Last month, Nick Kypreos made a comment on Hockey Night in Canada that sent shivers down my spine by mentioning Ken Holland and Seattle in the same breath. Holland was a fantastic General Manager — in fact, one of the best — but has shown no resemblance to that in his recent years. He has yet to receive a new offer from the Detroit Red Wings ownership as his team spirals down a path of certain destruction. It would behoove Seattle, in my humble opinion, to scratch his name off the list of potential GM’s.
Detroit Red Wings General Manager Ken Holland was once considered to be the best in the business. His teams reached the playoffs for eighteen straight years and advanced to the Stanley Cup Finals four times — emerging as champions in three.
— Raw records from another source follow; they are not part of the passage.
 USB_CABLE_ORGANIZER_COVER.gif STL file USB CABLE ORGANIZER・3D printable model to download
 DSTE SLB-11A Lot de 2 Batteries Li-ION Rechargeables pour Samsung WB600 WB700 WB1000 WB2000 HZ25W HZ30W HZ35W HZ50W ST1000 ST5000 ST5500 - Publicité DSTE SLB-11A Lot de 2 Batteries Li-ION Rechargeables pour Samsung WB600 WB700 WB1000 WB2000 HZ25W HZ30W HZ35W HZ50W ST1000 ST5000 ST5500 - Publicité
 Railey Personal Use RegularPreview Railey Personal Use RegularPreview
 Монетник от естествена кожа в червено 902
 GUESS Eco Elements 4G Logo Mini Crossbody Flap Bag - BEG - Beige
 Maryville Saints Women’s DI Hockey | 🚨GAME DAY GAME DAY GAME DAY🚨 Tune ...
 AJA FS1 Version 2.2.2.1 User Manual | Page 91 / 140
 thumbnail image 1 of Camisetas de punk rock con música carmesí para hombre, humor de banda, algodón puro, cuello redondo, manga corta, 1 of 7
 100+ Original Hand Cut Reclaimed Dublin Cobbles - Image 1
The locker room housed legendary players such as Steve Yzerman, Pavel Datsyuk, Sergei Fedorov, and Chris Osgood.
Fans and opposing front-offices loved to hate them.
“I spent my 17-year career in different NHL front offices during this historic Red Wings run,” wrote Frank Provenzano in an article for the Athletic. “We would emulate Detroit. We would hate them. But we didn’t often beat them.”
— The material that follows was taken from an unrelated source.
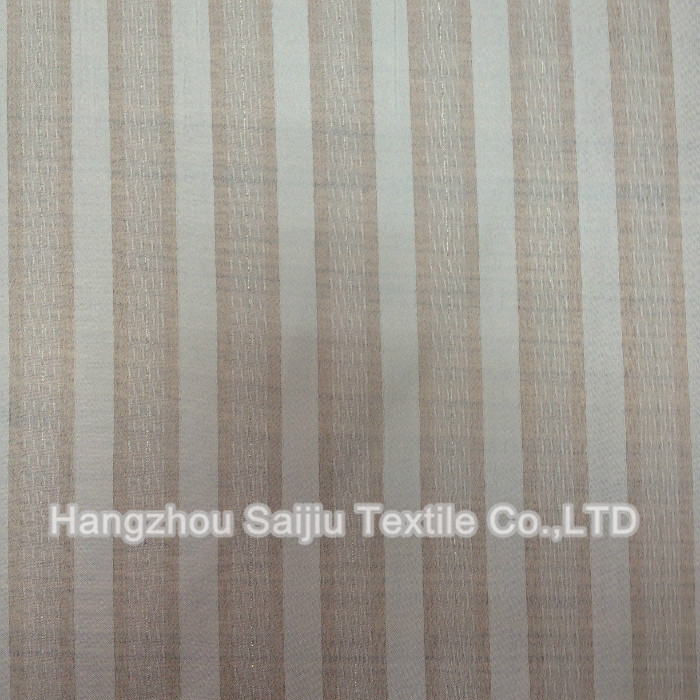 100% Polyester Chiffon Jacquard Fabric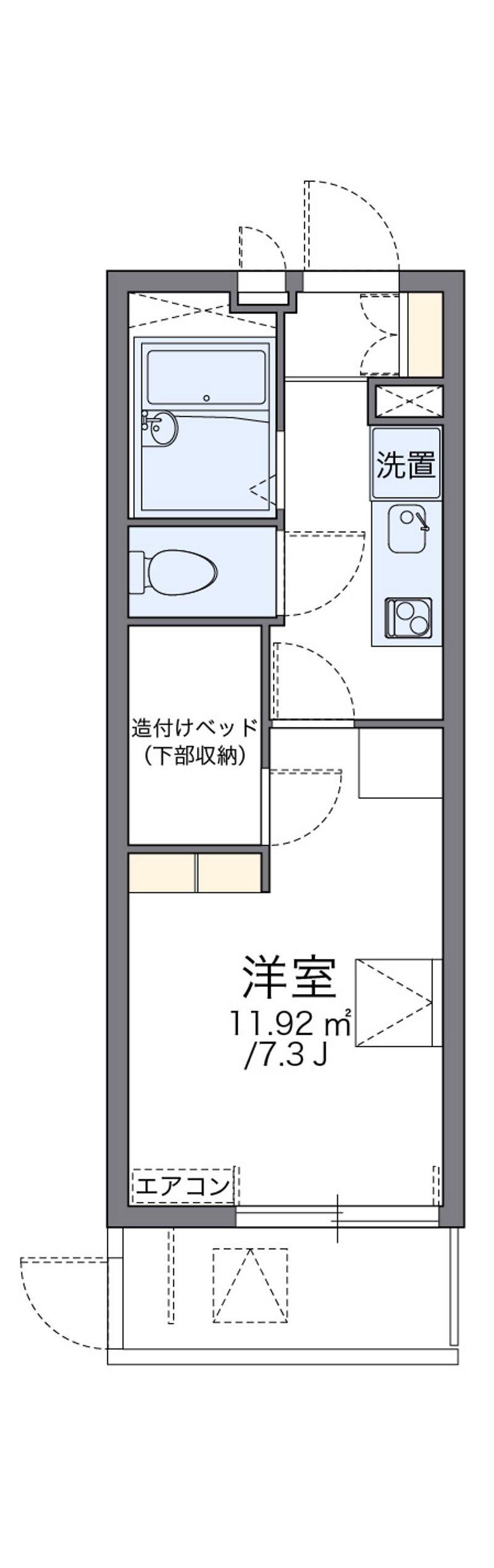 レオパレスアゼリア蛍池 間取図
It seems like yesterday that Sergei Fedorov, with his two-piece stick and white skates, was carving circles around my beloved Bruins. The reality is that his thirteen-year career with the Red Wings ended a decade and a half ago and those dominant years in Detroit are only visible in the rear-view mirror.
Last year, they missed the playoffs for the first time since 1989.
Any fan of the game understands that you can’t stay on top forever and that with regression comes rebuild. It’s an ebb and flow that drives our emotions and encourages a love-hate relationship with front-offices.
Teams in “rebuild mode” will generally drop the contracts of older players by trading them away for young prospects and draft picks. As their talent drops, so does the teams place in the standings — increasing their chances of gaining higher picks in the Entry Draft lottery.
Ken Holland seems to have missed the memo.
The Red Wings currently have 10 players with no-trade clauses, all of which are assigned to skaters over the age of 27.
NTC for every team in the NHL, ranked by total teams on the no-trade lists. Detroit leads, while Colorado actually does something good. pic.twitter.com/DdbZhv3EDd— Colin Cudmore (@CudmoreColin) July 25, 2017
Additionally, four players over the age of 30 have contracts which extend to at least the 2020-21 season.
The destruction isn’t all on the hands of Holland — he has after all attempted to right the ship over the last couple of years — but he played a major role in handcuffing the franchise with bad contracts and a limited prospect pool.
“Denial is a powerful thing. It kept the Detroit Red Wings in the playoff picture for an astonishing 25 consecutive seasons,” wrote Matt Larkin of the Hockey News. “Now it threatens to bind their feet in cement for years to come. The Wings’ post-season streak finally ended in 2016-17, but GM Ken Holland remains committed to keeping his team competitive in the present.”
The first few years will be challenging for Seattle and they need to have someone at the helm who can build prospect depth and handle contracts with the future in mind. I would be very hesitant to say that Holland fits that bill.
“Let’s make no mistake about it, Kenny Holland is out there,” Kypreos said on Hockey Night in Canada. “His contract is going to expire at the end of the year. No talks at all scheduled. It appears it might go all the way to the end of the season before it gets addressed. You’ve got to put him at the top of the list.”
While being a GM concerns a lot more than just contracts, it’s the on ice results that matter and Ken Holland is failing his team in that category.